• PROBLEM:
Please write out, exactly, every line of the listing from its first line through the one that includes "On sale now".

* * * * * * * * *

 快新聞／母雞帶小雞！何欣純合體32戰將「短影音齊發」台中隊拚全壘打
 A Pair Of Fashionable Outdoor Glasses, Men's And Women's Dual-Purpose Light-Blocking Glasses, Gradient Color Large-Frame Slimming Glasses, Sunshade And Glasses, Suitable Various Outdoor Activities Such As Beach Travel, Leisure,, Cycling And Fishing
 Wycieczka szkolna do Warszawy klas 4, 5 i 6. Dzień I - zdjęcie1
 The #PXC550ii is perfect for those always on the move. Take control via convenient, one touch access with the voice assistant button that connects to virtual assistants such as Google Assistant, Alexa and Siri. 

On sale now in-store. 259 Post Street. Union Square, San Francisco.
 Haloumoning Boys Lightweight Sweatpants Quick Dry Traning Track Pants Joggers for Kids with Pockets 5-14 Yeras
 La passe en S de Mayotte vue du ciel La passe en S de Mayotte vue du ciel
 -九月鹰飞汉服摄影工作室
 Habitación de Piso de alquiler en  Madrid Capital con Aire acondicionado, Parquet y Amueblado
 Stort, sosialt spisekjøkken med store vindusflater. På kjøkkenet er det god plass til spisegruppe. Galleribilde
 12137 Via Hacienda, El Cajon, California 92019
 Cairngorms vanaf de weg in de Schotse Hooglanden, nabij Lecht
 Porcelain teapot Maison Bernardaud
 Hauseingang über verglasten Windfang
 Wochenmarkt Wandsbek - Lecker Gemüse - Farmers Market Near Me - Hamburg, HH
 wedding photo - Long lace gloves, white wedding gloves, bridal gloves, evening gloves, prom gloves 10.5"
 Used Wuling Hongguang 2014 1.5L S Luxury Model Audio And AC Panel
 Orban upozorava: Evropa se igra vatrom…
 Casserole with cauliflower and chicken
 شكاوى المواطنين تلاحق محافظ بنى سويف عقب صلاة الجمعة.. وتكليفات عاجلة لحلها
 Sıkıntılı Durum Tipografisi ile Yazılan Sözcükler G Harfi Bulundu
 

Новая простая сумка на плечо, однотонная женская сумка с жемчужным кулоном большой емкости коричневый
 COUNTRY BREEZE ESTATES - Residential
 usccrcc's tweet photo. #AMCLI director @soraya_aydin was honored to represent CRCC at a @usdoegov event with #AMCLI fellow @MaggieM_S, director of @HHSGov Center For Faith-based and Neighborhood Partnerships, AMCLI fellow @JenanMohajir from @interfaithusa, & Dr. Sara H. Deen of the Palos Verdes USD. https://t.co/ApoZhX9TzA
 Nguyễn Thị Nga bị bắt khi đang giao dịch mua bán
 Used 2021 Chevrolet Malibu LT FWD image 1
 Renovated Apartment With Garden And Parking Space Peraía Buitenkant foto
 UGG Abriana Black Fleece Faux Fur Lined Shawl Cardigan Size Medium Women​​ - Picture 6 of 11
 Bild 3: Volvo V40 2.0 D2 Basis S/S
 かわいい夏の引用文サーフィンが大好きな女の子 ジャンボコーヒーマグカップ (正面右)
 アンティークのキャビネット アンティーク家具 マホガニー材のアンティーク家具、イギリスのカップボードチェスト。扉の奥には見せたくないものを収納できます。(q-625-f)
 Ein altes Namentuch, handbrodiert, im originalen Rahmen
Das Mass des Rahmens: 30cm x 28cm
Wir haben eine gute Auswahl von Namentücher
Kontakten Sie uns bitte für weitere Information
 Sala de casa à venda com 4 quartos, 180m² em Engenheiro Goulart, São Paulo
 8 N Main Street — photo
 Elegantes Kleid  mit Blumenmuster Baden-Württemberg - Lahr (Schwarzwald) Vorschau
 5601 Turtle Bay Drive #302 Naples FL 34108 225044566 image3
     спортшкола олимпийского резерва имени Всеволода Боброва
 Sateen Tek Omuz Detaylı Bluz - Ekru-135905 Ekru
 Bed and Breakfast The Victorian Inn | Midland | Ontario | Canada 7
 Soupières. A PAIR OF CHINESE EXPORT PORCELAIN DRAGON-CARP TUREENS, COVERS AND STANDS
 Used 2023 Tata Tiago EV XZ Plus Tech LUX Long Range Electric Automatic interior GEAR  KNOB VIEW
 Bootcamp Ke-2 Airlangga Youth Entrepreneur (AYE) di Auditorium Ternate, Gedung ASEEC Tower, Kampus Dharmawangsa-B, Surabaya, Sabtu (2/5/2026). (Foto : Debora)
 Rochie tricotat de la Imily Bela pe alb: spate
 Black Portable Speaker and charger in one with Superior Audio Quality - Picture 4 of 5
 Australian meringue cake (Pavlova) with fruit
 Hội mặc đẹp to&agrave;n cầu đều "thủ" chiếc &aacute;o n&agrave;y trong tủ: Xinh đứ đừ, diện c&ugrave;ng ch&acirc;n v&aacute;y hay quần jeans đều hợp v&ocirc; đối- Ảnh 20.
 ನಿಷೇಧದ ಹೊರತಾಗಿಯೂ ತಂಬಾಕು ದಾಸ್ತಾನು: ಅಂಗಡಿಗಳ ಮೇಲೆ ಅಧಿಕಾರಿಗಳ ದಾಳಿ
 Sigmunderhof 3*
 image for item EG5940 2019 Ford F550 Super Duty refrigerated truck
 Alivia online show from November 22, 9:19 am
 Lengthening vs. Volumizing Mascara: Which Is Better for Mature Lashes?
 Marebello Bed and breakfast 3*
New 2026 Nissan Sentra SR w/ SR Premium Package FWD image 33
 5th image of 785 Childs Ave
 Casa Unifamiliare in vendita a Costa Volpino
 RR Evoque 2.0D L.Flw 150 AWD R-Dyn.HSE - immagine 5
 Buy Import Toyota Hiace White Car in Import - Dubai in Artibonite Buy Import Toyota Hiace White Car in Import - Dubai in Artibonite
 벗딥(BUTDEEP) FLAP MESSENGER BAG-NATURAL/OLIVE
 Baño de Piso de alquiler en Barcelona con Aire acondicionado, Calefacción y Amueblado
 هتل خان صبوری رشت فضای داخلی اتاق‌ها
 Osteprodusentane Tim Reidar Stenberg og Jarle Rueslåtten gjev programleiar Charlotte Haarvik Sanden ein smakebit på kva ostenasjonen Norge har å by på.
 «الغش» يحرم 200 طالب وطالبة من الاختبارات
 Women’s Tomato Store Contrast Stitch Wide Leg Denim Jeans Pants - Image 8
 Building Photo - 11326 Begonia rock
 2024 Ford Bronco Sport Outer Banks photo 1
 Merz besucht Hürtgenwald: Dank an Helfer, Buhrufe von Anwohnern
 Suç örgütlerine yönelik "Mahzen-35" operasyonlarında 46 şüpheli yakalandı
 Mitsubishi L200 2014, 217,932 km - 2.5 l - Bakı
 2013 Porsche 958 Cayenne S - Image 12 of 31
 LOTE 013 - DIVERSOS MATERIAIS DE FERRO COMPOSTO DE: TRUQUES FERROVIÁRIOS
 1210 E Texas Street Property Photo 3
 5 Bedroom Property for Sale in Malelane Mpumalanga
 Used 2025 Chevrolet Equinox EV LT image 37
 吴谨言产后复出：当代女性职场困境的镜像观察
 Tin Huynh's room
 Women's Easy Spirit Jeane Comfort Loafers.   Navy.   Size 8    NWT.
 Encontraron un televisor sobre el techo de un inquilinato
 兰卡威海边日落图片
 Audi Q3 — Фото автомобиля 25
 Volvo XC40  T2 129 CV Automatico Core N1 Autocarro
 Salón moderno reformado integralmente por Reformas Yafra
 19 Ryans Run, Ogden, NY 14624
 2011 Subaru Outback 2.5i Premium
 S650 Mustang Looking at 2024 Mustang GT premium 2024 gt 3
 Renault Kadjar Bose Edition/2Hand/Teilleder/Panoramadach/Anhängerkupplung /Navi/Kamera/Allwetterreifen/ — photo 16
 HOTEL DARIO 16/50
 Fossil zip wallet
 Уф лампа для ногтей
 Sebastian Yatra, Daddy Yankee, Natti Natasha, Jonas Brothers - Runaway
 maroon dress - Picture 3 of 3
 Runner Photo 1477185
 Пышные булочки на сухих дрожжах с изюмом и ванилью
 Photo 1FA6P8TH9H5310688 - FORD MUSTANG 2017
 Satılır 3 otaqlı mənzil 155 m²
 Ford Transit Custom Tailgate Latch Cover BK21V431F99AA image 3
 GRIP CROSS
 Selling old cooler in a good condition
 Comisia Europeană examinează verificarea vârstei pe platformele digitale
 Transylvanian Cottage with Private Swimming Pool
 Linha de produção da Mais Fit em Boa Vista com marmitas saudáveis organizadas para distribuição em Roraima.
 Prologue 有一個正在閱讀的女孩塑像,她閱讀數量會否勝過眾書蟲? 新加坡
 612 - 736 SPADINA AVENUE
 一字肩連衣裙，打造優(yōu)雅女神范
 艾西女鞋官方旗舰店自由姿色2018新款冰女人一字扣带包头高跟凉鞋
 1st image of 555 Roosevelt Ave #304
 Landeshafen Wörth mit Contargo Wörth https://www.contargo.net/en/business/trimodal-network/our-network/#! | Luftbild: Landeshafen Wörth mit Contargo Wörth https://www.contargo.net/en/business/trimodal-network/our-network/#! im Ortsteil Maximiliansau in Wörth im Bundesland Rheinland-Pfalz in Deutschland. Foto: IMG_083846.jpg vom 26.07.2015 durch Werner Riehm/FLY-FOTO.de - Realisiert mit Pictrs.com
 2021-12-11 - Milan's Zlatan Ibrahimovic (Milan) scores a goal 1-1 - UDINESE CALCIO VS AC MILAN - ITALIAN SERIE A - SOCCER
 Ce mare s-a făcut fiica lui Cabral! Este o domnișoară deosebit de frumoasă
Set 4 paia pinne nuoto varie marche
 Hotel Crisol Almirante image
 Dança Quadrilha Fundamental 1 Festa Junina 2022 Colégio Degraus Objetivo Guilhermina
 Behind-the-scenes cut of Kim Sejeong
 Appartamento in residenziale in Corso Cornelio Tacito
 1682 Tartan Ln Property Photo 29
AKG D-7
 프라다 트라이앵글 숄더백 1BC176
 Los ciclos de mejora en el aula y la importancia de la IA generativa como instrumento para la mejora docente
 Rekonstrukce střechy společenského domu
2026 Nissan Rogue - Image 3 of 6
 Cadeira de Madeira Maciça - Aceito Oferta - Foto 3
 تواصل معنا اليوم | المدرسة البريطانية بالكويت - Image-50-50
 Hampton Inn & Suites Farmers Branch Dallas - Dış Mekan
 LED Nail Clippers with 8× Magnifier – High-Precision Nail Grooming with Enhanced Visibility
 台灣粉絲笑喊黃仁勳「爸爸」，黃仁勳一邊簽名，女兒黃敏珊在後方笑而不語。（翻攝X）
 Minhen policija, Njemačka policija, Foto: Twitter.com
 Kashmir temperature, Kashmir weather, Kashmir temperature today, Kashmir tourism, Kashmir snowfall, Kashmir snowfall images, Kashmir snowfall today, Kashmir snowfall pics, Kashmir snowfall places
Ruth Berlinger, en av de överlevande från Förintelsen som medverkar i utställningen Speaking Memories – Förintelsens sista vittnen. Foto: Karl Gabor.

* * * * * * * * *

• RESPONSE:
 快新聞／母雞帶小雞！何欣純合體32戰將「短影音齊發」台中隊拚全壘打
 A Pair Of Fashionable Outdoor Glasses, Men's And Women's Dual-Purpose Light-Blocking Glasses, Gradient Color Large-Frame Slimming Glasses, Sunshade And Glasses, Suitable Various Outdoor Activities Such As Beach Travel, Leisure,, Cycling And Fishing
 Wycieczka szkolna do Warszawy klas 4, 5 i 6. Dzień I - zdjęcie1
 The #PXC550ii is perfect for those always on the move. Take control via convenient, one touch access with the voice assistant button that connects to virtual assistants such as Google Assistant, Alexa and Siri. 

On sale now in-store. 259 Post Street. Union Square, San Francisco.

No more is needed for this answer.